In response, Ernesto Archila, climate and financial regulation policy director with Public Citizen’s Climate Program, issued the following statement:
“This latest maneuver in the legal battle over the SEC’s climate disclosure rule illustrates the Commission’s fundamental disrespect, not just for their own rule, but for the rule of law itself and for the investors from Main Street to Wall Street who rely on them to ensure the integrity of capital markets. The move is an insult to their own staff, who produced it at significant cost to meet the high bar for a formal rule required under the law. It is an insult to the American public and regulated markets, who have a right to expect transparency, integrity and rigorous application of the law from their top securities cop.
“Investors, including those who rely on securities for their retirement, have a right to crucial information they need to avoid climate related financial risk at a time when climate driven weather and heat devastate communities and threaten financial stability. The SEC’s effort to give investors access to this information saw historic levels of engagement by the public during the rulemaking process.

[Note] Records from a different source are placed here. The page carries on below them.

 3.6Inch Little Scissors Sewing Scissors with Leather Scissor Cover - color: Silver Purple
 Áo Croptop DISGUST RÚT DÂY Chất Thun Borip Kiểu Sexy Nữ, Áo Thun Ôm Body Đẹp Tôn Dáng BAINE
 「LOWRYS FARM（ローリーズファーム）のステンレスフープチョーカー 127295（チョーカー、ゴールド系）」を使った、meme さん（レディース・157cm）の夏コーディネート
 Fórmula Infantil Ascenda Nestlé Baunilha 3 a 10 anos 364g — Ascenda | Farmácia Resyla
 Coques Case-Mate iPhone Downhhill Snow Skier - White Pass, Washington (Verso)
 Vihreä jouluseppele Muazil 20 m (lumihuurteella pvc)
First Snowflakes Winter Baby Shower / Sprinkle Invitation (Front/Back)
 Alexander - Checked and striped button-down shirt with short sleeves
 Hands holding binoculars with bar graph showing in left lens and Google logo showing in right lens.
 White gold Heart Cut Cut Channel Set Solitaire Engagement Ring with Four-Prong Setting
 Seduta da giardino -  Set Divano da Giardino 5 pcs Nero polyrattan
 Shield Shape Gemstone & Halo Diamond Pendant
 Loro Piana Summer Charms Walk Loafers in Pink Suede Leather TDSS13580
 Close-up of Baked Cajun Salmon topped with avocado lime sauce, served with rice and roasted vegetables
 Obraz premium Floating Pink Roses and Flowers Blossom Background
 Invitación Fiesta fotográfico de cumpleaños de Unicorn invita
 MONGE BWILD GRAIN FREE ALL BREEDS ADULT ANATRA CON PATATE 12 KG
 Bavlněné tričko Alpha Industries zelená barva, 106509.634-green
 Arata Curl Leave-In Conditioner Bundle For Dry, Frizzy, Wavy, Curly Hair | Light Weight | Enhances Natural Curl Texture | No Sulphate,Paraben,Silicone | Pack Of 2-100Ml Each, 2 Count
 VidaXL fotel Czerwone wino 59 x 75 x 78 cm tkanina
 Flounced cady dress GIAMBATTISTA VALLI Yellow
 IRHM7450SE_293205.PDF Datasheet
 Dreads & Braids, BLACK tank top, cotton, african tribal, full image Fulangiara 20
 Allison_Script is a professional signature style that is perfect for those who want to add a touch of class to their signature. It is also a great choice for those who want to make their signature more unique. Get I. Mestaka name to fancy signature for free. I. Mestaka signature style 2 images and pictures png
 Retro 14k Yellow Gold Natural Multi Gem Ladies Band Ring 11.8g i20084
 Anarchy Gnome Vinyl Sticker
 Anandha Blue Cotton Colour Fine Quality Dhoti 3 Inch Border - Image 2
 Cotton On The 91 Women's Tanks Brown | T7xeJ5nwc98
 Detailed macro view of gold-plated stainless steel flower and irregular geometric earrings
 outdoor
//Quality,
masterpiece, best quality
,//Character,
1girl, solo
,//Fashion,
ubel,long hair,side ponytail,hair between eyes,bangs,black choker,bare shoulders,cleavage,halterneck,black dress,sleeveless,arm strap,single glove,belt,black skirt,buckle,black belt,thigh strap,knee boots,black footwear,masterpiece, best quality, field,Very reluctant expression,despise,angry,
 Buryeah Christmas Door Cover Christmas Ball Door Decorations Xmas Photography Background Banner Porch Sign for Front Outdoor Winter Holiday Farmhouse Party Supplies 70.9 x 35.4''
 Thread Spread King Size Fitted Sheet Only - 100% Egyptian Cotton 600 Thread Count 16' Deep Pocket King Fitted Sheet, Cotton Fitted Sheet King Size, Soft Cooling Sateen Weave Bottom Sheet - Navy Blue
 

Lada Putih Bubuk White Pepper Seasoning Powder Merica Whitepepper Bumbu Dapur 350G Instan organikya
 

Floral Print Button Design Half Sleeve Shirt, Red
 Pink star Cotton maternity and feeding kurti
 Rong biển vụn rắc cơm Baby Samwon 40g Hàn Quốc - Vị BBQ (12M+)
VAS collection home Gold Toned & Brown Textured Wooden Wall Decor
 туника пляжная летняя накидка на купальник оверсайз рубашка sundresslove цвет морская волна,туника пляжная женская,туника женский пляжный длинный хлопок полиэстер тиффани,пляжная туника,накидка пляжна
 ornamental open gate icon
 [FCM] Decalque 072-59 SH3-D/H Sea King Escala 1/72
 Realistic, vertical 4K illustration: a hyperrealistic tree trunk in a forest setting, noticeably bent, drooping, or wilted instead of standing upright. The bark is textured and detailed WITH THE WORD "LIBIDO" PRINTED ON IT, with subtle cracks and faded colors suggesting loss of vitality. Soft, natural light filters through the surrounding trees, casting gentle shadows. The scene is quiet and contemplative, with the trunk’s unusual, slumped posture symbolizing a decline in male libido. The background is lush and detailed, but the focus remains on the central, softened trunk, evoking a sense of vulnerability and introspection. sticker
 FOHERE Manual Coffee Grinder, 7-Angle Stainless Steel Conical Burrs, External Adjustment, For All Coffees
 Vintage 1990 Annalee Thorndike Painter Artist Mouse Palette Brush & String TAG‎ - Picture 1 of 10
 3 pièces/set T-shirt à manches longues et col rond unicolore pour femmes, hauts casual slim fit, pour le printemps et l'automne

“The only thing that is crystal clear today is the Commission does not intend to undertake the steps it is obligated to under the law to rescind the rule, nor does it intend to enforce that rule. Instead they are banking on a legal process they have walked away from, making a mess of the situation and leaving the courts to pick up after them. It’s an unacceptable posture both in its sleight of hand and its denial of the clear duty this Commission has.”